Regardless of the complexities, my preference is to adopt a simple model under conservative performance assumptions. The apparent pattern is the initial part of a multi-row or multiple number of executes operation has a much higher cost than the subsequent rows or executions within an execution plan operation. For the cost model, we are more interested in the cost of incremental rows and executes because first steps must be completed in any execution plan. It is the cost of subsequent elements that determines the optimal plan

As a very rough model, the preliminary proposal for data already residing in the buffer cache is a page access cost of approximately 0.8µs, a row access cost of 0.05 µs per row. The cost of either a key lookup to a heap appears to be about 2.5 µs per execute for row lock, and lower if a coarser lock is in effect.

The cost of key lookups to a clustered index appears to be 4 µs per execute at lower counts, falling to 2 per execute at higher counts. This should be similar to a loop join inner source execute.

Key Lookup ‐ Scan Cross-over

Now consider the implications of the actual cost structure versus the existing IO based cost model. As stated earlier, the SQL Server query optimizer thinks the Key Lookup execute is about 3X higher than a Scan of one page.

Suppose our table has 80 rows page, or an average of 100 bytes per row. The cost of each page scanned is 0.8 µs for the page plus 80 x 0.05 µs for the rows = 4.8 µs combined. (This translates to a data consumption rate of 1.6GB/s which might seem high. In a query aggregating several column, data consumption rate might be several hundred MB/s due to the cost of the logic.)

Assume the high row count cost is in effect for the key lookup, or approximately 2 µs per row, which is lower, not higher than a scan of one page.

The query optimizer gives up on the index seek + key lookup, switching to a scan too soon by a factor of 6. In other words, SQL Server significantly underestimates the cost of a scan, more so for narrow indexes than fat tables, and overestimates the cost for Key Lookups.

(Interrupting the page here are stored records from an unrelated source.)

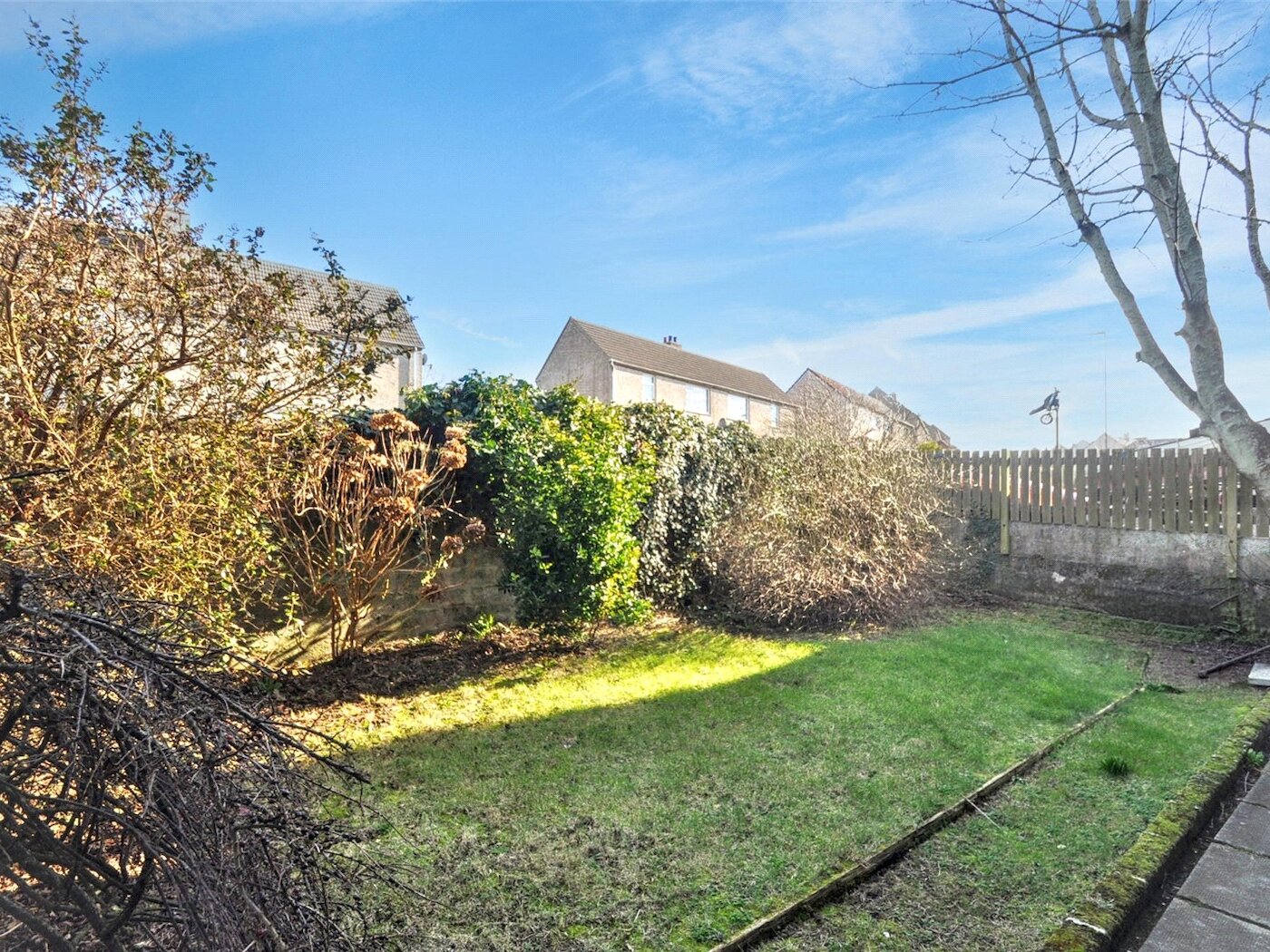 Front Garden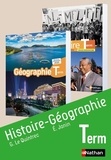 Guillaume Le Quintrec et Eric Janin - Histoire-Géographie Terminale.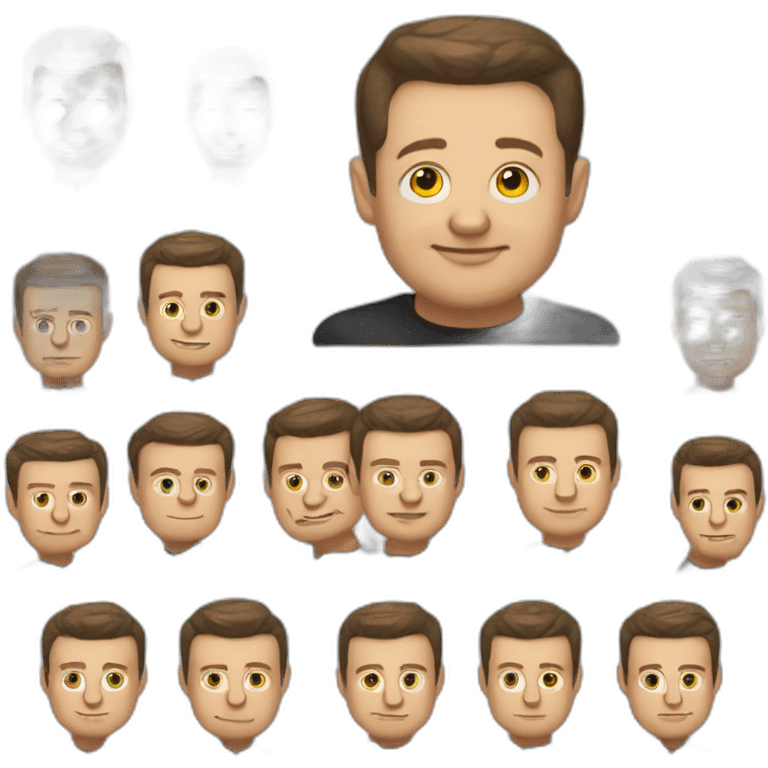 Volodymyr Zelenskyi emoji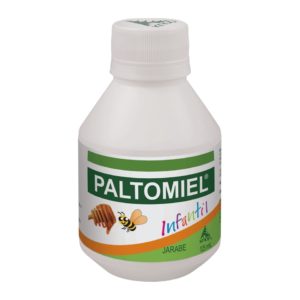 Paltomiel Infantil Jarabe - Frasco 125 ML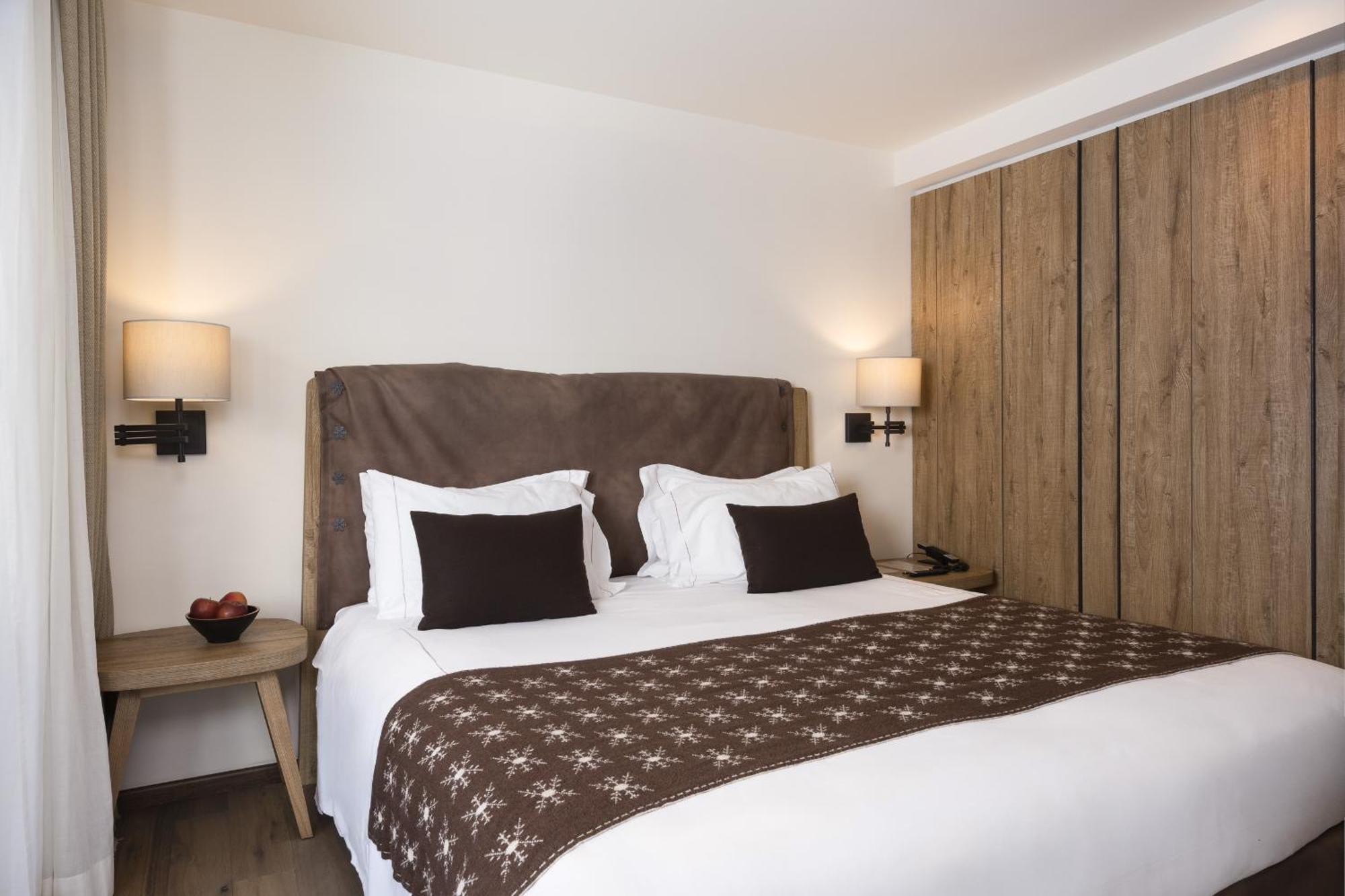 Grand Hotel Courmayeur Mont Blanc, By R Collection Hotels Room photo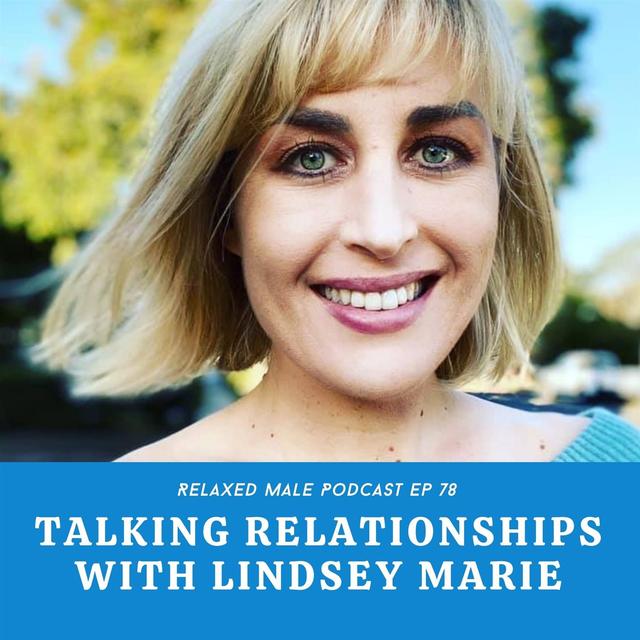 Talking Relationships with Lindsey Marie - podcast episode cover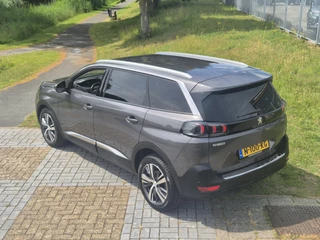 Peugeot 5008 Peugeot 5008 1.2 PureTech Blue Lease Allure 7-Persoons AUTOMAAT | NAVI | CLIMA | PDC | 18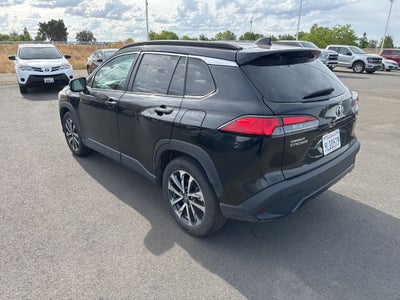 2024 Toyota Corolla Cross XLE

There are serious discrepancies between the SQL Server execution plan cost model and the true cost of operations for data in memory. Not having a reasonably accurate model places serious limitations on what can be done with software intelligence working with such inaccuracies. Even more serious are the limitations with the existing model of parallel execution plan operations. The result is that the execution plan provides very little insight on expected scaling of parallel execution.